Whitfield hosts Earth Night and Day with family activities, stargazing
Whitfield’s free Earth Night and Day mixed raptors, composting and stargazing, with a 5:15 p.m. award for Stephanie Garcia Richard.

Whitfield Wildlife Conservation Area hosted Earth Night and Day as a free, low-cost outing for Valencia County families, with games, snacks, giveaways and prizes spread across Friday evening and Saturday daytime north of Rio Communities. The two-day program ran Friday, April 24, from 4 to 10 p.m. and Saturday, April 25, from 10 a.m. to 4 p.m., turning the conservation area into a place for kids’ activities, wildlife learning and stargazing without a long drive.
Friday’s schedule leaned into the evening sky and the wildlife that depends on it. The program opened with Nighttime Pollinators featuring Jade McClellan of UNM Long-term Ecological Research at Sevilleta, and a Conservation Excellence Award presentation to New Mexico State Land Commissioner Stephanie Garcia Richard was set for about 5:15 p.m. Laura McCann of the Raptors of New Mexico Foundation followed with Nighttime Raptors at 6 p.m., then Sarah McIntyre of Sarah McIntyre Photography and the Dark Sky Council presented Aurora Borealis in New Mexico at 7 p.m. The night finished with nighttime photography at 8 p.m. and night-sky viewing at 8:30 p.m., a lineup built for families who wanted science, not a screen.
Saturday shifted the focus to practical stewardship. The day opened with a land acknowledgment at 10 a.m., followed by a backyard composting workshop with John Zarola of Bernalillo County Extension Master Composters at 10:15 a.m.
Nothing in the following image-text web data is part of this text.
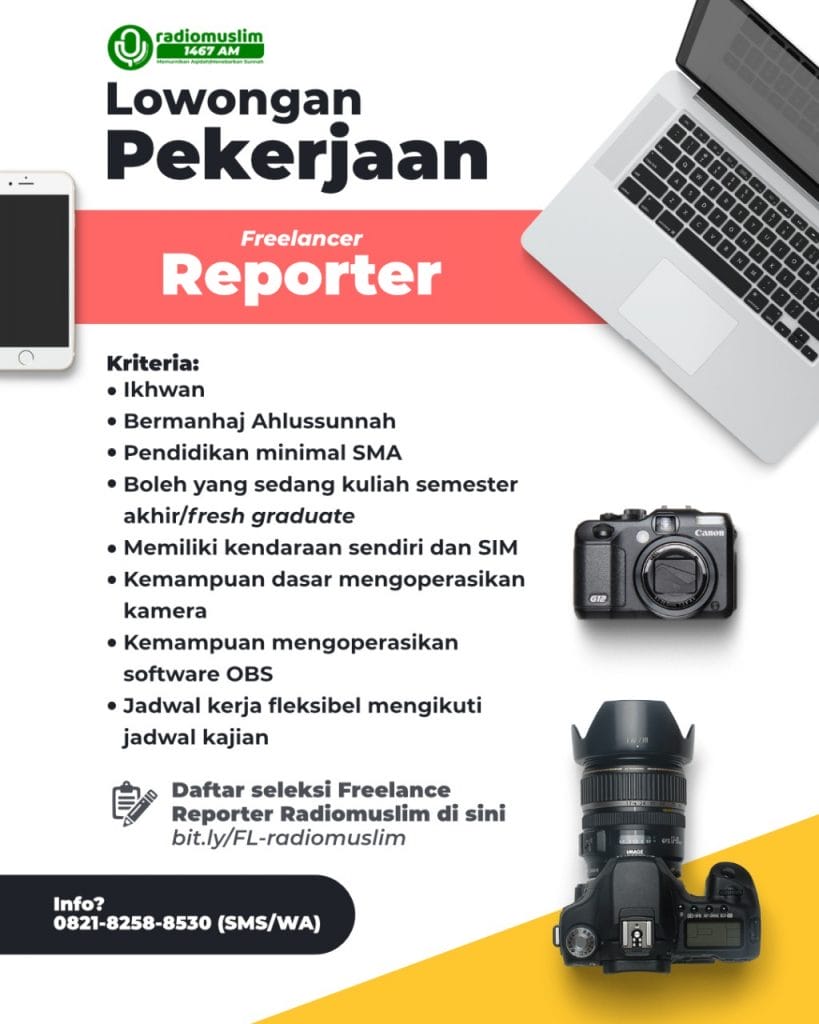 Lowongan Pekerjaan Freelance Reporter Radio Muslim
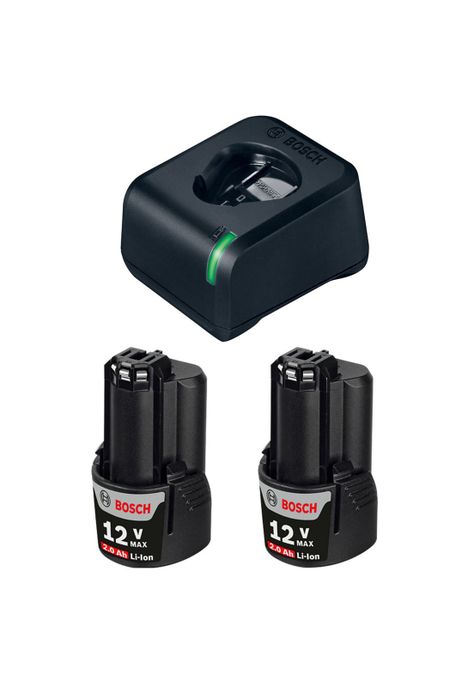 Kit Básico 2 Baterías 12V 2,0 Ah + Cargador GAL 12V-20 Bivolt - Bosch-0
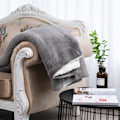 Miniatyrbilde 4 av 4: Sofa teppe, koselig teppe, ekstra varmt, tykt Sherpa teppe, lite, mykt og fluffy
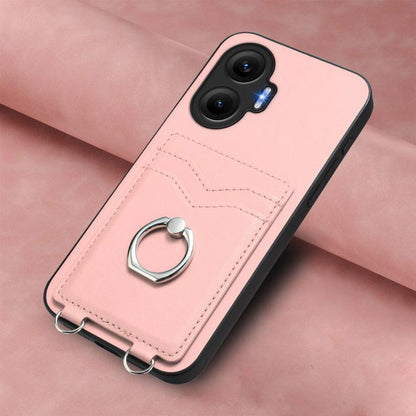 R20 Ring Card Holder Phone Case, For Redmi Turbo 4 Pro / Xiaomi Poco F7, For Redmi A5 4G 171.7mm / Xiaomi Poco C71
A guided nature walk followed at noon, then Eileen Beaulieu led Saving the Belen Marsh at 1 p.m. Jeff Sanders, education manager for the Valencia Soil and Water Conservation District, capped the schedule with a rainwater harvesting demonstration at 1:15 p.m. The district said attendees would also learn about the wildlife benefits of dark skies, backyard composting methods that reduce waste, and how to install a water-harvesting landscape. Kids also had room to jump into activities such as a Recycling Relay and Nature Match Up.
The setting gave the event extra weight. Whitfield was created in April 2003 when the district acquired a donated 97-acre tract in Belen, and it remains under a permanent conservation easement through the USDA Natural Resources Conservation Service’s Wetlands Reserve Program. The Whitfield Conservation Area Complex now includes the Stacey Unit, added in December 2015 with about 42.9478 acres, and the Rio Abajo Conservation Area, which adds about 100 acres. The Visitors’ and Education Center opened in late 2009, giving the site a base for school groups, birdwatchers and hikers interested in wetlands ecology in a dry region.

Garcia Richard was being recognized for preservation of public lands and for strengthening education, communication and collaboration around land and natural resource conservation. The district also said she supported Whitfield’s restoration after the April 11, 2022, Big Hole Fire and secured resources in 2025 to conserve the watershed. With previous programming such as Whitfield Under the Stars already drawing visitors in partnership with the Friends of Whitfield and the Salinas Pueblo Missions National Monument, Earth Night and Day reinforced Whitfield’s role as one of Valencia County’s most useful places to learn, look up and stay close to home.